Archangel's Enigma (Page 10)

Archangel’s Enigma (Guild Hunter #8)(10)
Author: Nalini Singh

“Yes.” Naasir had been carried by angels as a child and he’d liked it. No longer. Now he wanted the ground beneath his feet—he didn’t even like riding in the baskets the squadrons utilized to ferry in non-winged guests. “Tell Jessamy I’m coming for dinner.”

His smile reaching the unusually pale green of his eyes, Galen spread his wings. “She’s been watching for you since dawn.”

That delighted Naasir. Waiting until Galen had taken off in a powerful beat of wings that drew a flurry of snow up into the air, Naasir stepped up his pace even further, until to anyone watching, he’d have been a blur. More wings passed overhead an hour later, the aerial traffic increasing steadily until he began to hear the rush of landings, the beat of takeoffs, the laughter and conversation of people going about their lives.

The sky was a soft black broken only by several early stars when the snow suddenly ended, warmer air against his chilled face.

He went straight to Jessamy and Galen’s house on the cliff.

“Naasir!” A vampire, his poison-green eyes slitted like those of a viper and his dark, dark brown hair having grown to touch the collar of his T-shirt, caught him in an embrace on the paved yard outside the house.

Slapping Venom on the back, Naasir dropped his duffel to the paving stones, the small yard edged with pots bursting with flowers. “I see Galen hasn’t broken you yet.” He took in the younger man’s jeans and simple black T-shirt. “No more suits?” Venom was well known for his dangerously elegant appearance, his grace as liquid as it was lethal.

“Who cares about suits when I’m getting my ass handed to me in the training ring every day.” Venom winced and pointed to a blue-black bruise on his jaw, the color vivid against the warm brown of his skin. “Sometimes I’m not sure if Galen’s teaching me or trying to kill me.”

Naasir bared his teeth. “If Galen was trying to kill you, you’d know.” The weapons-master didn’t fight like Naasir or Venom, his style heavier and more steady, but he was a brutal and deadly force. “He’ll toughen you up.” Venom was a dangerous cub who had the gift of deadly poison in his blood, but at just over three hundred and fifty, he was the youngest of the Seven.

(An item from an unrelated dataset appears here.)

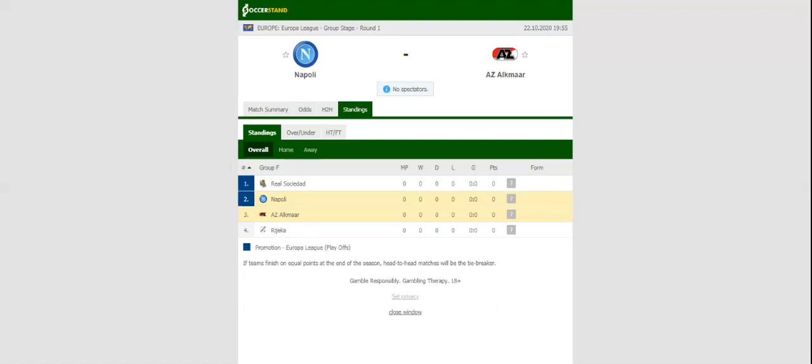Gennaro Gattuso's men aim to put an end to their three-game losing run in the Europa League, and they are likely to go all guns blazing at AZ Alkmaar.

He needed a little more tempering.

“There you are!” Jessamy ran out of the cottage, the misty yellow of her airy ankle-length gown frothing around her legs and the chestnut waves of her hair woven into a loose braid. Her lush brown eyes glowed with welcome against the cream of her skin, her smile luminous.

Grabbing her tall and delicately slender form up in his arms, his skin brushing the insides of her wings, Naasir spun her around and around until she protested. “Oh, I have missed you,” she said with water shining in her eyes, before cupping his face and kissing him on both cheeks. “Come inside. I have a drink waiting for you.”

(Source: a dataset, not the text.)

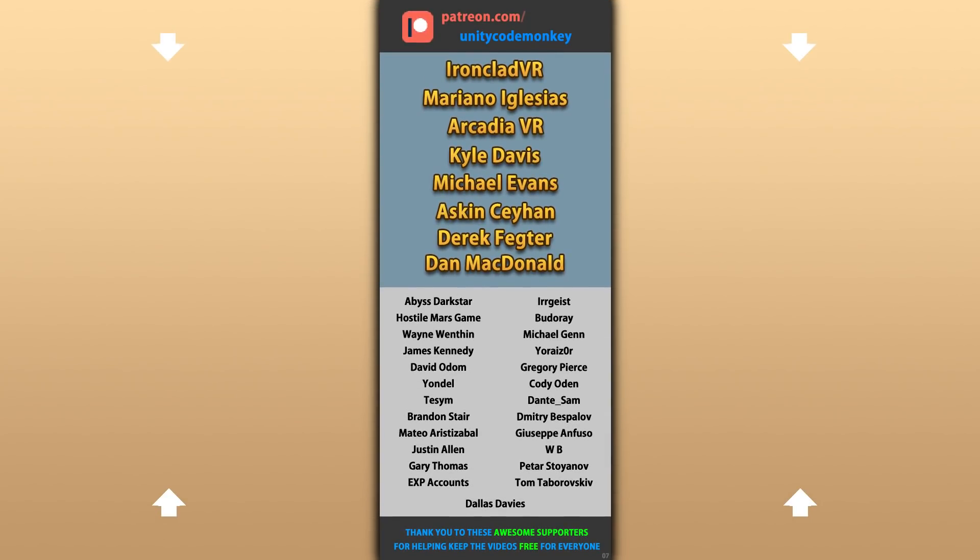Alright, hope that's useful. Check out these videos to learn some more. Thanks to these awesome Patreon supporters for making these videos possible. Thank you for watching and I'll see you next time!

His stomach rumbled right on cue, but he hadn’t forgotten his mission. “The scholar, she’s safe?”

“Yes, she’s working in the Library. I thought you could rest and have a snack before I introduced you two—I’m planning on inviting her to dinner with us.”

Walking with Jessamy and Venom into the cottage just as Galen landed behind them, Naasir released a quiet breath. It was good to be with family again.

*   *   *

Andromeda tried to focus on the illuminated manuscript she’d placed on a stand at the back of the Library, but all she could see were the words of the letter that had come for her an hour earlier.

In twenty-two days, you turn four hundred. You have had many years of indulgence. We have allowed you all of it—even when you chose to forsake your bloodline.

It is now time to return home and undertake your obligation to your family and to your archangel. We shall expect you for the start of the ceremonial celebrations six days prior to your day of birth, following which, you will go to your grandfather’s court to take up your position by his side.

He has little use for scholars, but you are his sole grandchild, and as such, he is willing to overlook your failings as long as you conduct yourself as a princess of the court during your time of service. Do not disappoint him, Andromeda. Your grandfather’s mercy is not endless.

She gripped the sides of the stand, the wooden edges digging into her palms. “Indulgence” her mother called Andromeda’s centuries of learning, learning that had seen her offer help to countless immortals who came to the Library for assistance. She was a keeper of angelic histories and a teacher of their young. Yet after a bare three hundred and twenty-five years, give or take, she was a mere apprentice. There was so much more she had to learn.